2. Metadata schemas: technical specifications#
This article describes how the metadata schemas used in the ManGO portal are stored and represented, from the folder structure that supports the schemas lifecycle to the JSON format that codes the different fields and their characteristics.
Section 1 gives a brief overview of the lifecycle of a schema and how that is coded into the folder structure and filename system. Section 2 follows with a technical description of the JSON file that represents each version of a specific schema, followed by Section 3, in which the different kinds of fields are described.

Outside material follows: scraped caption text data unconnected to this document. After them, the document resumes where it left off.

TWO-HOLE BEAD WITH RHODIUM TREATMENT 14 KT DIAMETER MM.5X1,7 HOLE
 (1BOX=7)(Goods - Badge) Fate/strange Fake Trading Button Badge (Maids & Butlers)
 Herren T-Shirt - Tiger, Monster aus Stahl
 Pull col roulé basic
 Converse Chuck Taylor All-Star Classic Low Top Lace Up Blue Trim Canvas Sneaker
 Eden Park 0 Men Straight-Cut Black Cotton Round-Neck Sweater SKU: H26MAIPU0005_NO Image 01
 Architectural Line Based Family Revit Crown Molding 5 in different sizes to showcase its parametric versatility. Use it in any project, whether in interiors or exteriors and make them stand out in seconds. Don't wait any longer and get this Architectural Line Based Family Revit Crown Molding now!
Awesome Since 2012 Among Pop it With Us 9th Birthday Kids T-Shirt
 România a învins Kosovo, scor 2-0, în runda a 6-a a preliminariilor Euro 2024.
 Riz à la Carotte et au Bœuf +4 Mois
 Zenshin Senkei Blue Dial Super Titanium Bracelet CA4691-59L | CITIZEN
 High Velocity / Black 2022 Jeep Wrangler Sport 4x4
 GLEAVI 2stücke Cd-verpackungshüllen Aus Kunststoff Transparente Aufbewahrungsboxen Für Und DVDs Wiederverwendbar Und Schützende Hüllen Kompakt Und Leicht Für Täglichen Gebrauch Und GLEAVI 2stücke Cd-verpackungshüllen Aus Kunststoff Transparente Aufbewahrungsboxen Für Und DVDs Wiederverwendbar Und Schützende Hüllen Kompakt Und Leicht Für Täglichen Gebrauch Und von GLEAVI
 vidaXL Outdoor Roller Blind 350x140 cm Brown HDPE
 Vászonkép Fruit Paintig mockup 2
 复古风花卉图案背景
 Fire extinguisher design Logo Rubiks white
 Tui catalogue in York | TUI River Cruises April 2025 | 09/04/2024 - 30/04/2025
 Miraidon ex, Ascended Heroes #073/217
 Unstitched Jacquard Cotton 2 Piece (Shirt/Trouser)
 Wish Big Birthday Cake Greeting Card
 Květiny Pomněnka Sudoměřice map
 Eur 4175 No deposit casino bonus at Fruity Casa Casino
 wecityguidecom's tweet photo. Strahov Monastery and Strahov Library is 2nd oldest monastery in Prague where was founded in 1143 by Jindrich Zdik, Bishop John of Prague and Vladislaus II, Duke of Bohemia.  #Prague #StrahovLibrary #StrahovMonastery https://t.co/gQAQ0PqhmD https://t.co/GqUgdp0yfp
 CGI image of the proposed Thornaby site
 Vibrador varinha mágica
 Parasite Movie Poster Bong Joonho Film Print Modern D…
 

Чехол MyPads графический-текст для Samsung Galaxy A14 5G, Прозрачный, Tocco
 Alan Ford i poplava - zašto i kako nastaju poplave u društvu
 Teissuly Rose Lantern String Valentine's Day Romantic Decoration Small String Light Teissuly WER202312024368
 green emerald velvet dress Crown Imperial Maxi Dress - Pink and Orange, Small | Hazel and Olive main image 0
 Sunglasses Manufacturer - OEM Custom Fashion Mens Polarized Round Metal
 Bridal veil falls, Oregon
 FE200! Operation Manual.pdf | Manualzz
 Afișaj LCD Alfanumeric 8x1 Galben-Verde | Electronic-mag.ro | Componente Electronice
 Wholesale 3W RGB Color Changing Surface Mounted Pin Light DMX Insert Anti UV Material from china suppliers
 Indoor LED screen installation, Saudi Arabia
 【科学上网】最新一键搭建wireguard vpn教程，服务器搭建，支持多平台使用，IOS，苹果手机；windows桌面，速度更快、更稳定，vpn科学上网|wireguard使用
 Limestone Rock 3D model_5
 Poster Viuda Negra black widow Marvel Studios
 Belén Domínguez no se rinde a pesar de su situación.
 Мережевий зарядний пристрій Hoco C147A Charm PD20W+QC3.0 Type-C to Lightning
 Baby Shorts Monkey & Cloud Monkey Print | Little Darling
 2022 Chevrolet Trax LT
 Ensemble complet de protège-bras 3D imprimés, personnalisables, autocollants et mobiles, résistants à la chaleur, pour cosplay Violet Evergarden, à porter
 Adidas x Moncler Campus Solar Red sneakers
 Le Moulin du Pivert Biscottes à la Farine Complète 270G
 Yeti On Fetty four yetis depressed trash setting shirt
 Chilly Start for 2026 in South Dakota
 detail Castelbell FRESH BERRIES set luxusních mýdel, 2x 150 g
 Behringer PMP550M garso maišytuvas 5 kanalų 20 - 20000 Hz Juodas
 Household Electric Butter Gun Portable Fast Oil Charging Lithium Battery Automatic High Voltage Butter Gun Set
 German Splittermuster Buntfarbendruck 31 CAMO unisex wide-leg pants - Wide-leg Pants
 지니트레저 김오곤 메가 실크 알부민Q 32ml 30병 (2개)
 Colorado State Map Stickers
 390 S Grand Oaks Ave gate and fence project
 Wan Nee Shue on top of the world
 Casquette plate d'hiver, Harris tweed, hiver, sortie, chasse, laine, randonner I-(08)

Finally, Section 4 shows an example of the JSON file for a draft version.
Note
If you would like to design your own metadata schema for Tier-1 Data
without using the Metadata Schema Manager, you should focus on
Section 3 and create a JSON file that matches the
value of properties
in the main JSON. On upload to Tier-1 Data, you
will be able to provide the name and title of your schema, and the
versioning will be taken care of in the backend.
Before we go into these sections, here is some useful vocabulary:
- (metadata) schema
A set of rules to apply metadata in a systematic way; a collection of fields with format instructions for a specific AVU.
- schema version
A specific version of a schema, with a given status. Multiple versions of a given schema may co-exist, only one can be in a ‘published’ status, meaning that it can be applied to data.
- field
A component of a schema with instructions for a specific AVU or for multiple AVUs that have the same name (or prefix, in the case of a composite field).
- to apply a schema / annotate with a schema
The action of adding or editing metadata of a data object or collection based on a given schema.
2.1. Lifecycle and folder structure#
In the Tier-1 Data infrastructure, schemas belong to “realms”, such as projects (other implementations of this infrastructure could extend this to personal collections). When designing a schema, one must first select a realm; at the moment, a schema designed within a certain realm can only be used to apply metadata to data of that realm.
For each realm, there is a directory “schemas” that contains all the
schemas designed within it. Each schema has its own subdirectory, which
contains one JSON file for each existing version of the schema. In the
example used for illustration in this article, the directory would be
called “book”, which is also the schema_name
attribute in the JSON
file of each version.
There can be any number of versions of a schema, following semantic versioning (although for now only major versions are supported), and each version can have one of three states: “draft”, “published” or “archived”.
The draft status is the first, default state of a schema, although it is possible to publish a schema directly without saving the draft first. It can be edited, viewed and deleted, but it cannot be applied.
Once a draft is published, it cannot be edited or deleted anymore, but it can be viewed and, more importantly, it can be applied. Attempts to edit the published version of a schema will result in the creation of a new draft with a higher version number. If this draft is then published, the current published version is archived. Moreover, the metadata schema manager also allows you to clone (or “copy”) a published schema into a draft of a whole new schema with a different name and version 1.0.0.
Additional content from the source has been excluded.